Kubernetes authentication project wrestles with migration problems
GKE users like the Workload Identity feature for Kubernetes authentication with GCP services, but similar improvements to core cluster security present a potential market-wide migration headache.
Kubernetes has not only matured, it’s showing a wrinkle or two.
In case there was any doubt that Kubernetes is no longer a fledgling project, it has begun to show its age with the accumulation of technical debt, as upstream developers struggle to smooth the migration process for a core set of security improvements.
Kubernetes authentication and role-based access control (RBAC) have improved significantly since the project reached version 1.0 four years ago. But one aspect of Kubernetes authentication management remains stuck in the pre-1.0 era: the management of access tokens that secure connections between Kubernetes pods and the Kubernetes API server.
Workload Identity for Google Kubernetes Engine (GKE), released last month, illuminated this issue. Workload Identity is now Google’s recommended approach to Kubernetes authentication between containerized GKE application services and GCP utilities, because Workload Identity users no longer have to manage Kubernetes secrets or Google Cloud IAM service account keys themselves. Workload Identity also manages secrets rotation, and can set fine-grained secrets expiration and intended audience policies that ensure good Kubernetes security hygiene.

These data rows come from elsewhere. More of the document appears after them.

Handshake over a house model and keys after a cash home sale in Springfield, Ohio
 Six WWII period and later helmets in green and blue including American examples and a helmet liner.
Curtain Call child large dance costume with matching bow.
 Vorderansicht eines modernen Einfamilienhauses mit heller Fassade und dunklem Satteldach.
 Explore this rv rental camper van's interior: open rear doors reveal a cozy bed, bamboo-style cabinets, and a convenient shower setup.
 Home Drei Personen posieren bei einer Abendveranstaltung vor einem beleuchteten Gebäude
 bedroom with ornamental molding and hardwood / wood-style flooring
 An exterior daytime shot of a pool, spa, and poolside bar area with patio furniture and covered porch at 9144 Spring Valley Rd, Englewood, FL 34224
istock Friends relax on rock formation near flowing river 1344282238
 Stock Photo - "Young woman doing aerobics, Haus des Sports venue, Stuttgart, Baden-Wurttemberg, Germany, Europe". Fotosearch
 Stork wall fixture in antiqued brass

GKE users are chomping at the bit to use Workload Identity, because it could eliminate the need to manage this aspect of Kubernetes authentication with a third-party tool such as HashiCorp’s Vault, or worse, with error-prone manual techniques.
“Without this, you end up having to manage a bunch of secrets and access [controls] yourself, which creates lots of opportunities for human error, which has actually bitten us in the past,” said Josh Koenig, head of product at Pantheon Platform, a web operations platform in San Francisco that hosts more than 200,000 Drupal and WordPress sites.
Koenig recalled an incident where a misconfigured development cluster could have exposed an SSL certificate. Pantheon’s IT team caught the mistake, and tore down and re-provisioned the cluster. Pantheon also uses Vault in its production clusters to guard against such errors for more critical workloads, but didn’t want that tool’s management overhead to slow down provisioning in the development environment.
“It’s a really easy mistake to make, even with the best of intentions, and the best answer to that is just not having to manage security as part of your codebase,” Koenig said. “There are ways to do that that are really expensive and heavy to implement, and then there’s Google doing it for you [with Workload Identity].”
Kubernetes authentication within clusters lags Workload Identity
Workload Identity uses updated Kubernetes authentication tokens, available in beta since Kubernetes 1.12, to more effectively and efficiently authenticate Kubernetes-based services as they interact with other Google Cloud Platform (GCP) services. Such communications are much more likely than communications within Kubernetes clusters to be targeted by attackers, and there are other ways to shore up security for intra-cluster communications, including using OpenID Connect tokens based on OAuth 2.0.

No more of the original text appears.